TASK TO COMPLETE: From the first line to the last, print the material exactly, skipping the pictures.

EXERCISE DATA:
"""
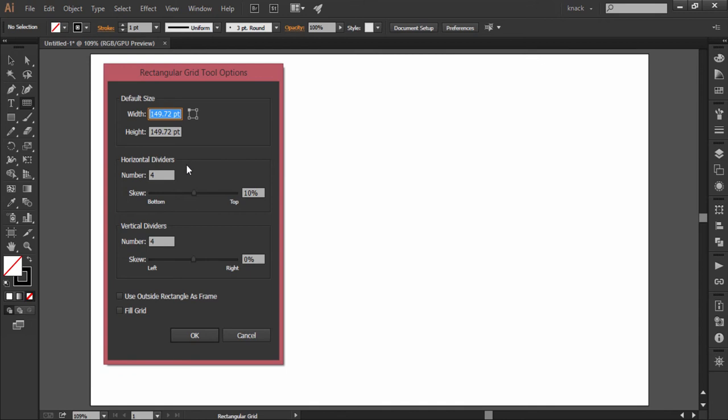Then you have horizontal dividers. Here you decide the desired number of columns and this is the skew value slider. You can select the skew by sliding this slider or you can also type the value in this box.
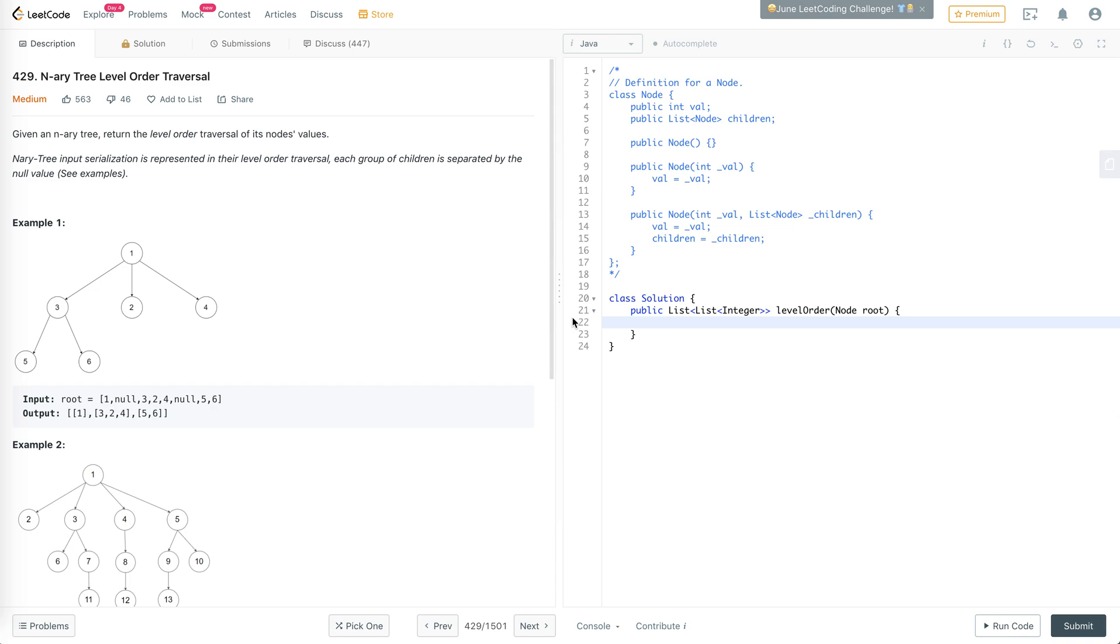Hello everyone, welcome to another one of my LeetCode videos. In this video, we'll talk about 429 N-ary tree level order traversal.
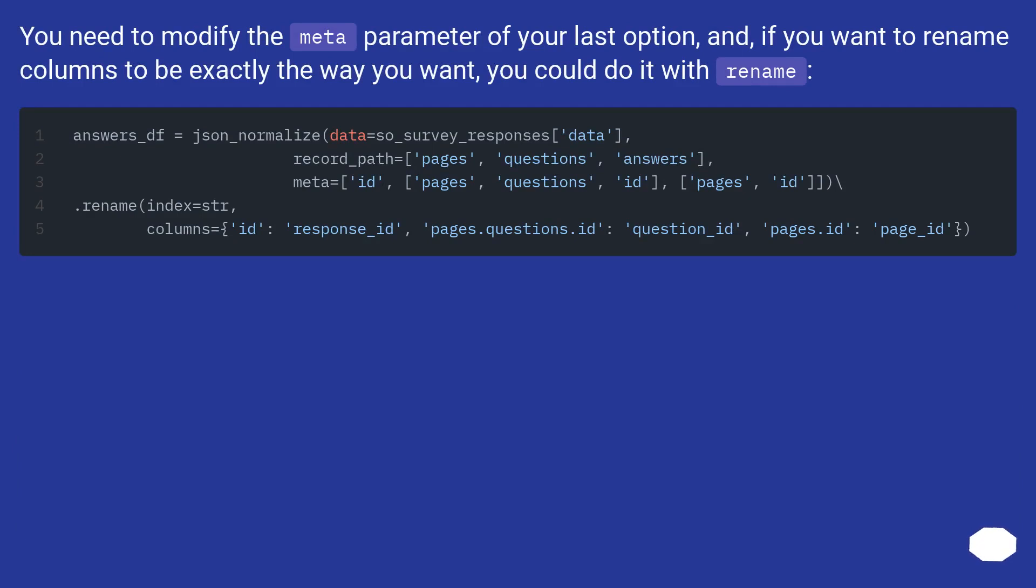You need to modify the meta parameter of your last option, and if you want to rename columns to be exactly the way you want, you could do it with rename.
"""
ANSWER BOX:
Then you have horizontal dividers. Here you decide the desired number of columns and this is the skew value slider. You can select the skew by sliding this slider or you can also type the value in this box.
Hello everyone, welcome to another one of my LeetCode videos. In this video, we'll talk about 429 N-ary tree level order traversal.
You need to modify the meta parameter of your last option, and if you want to rename columns to be exactly the way you want, you could do it with rename.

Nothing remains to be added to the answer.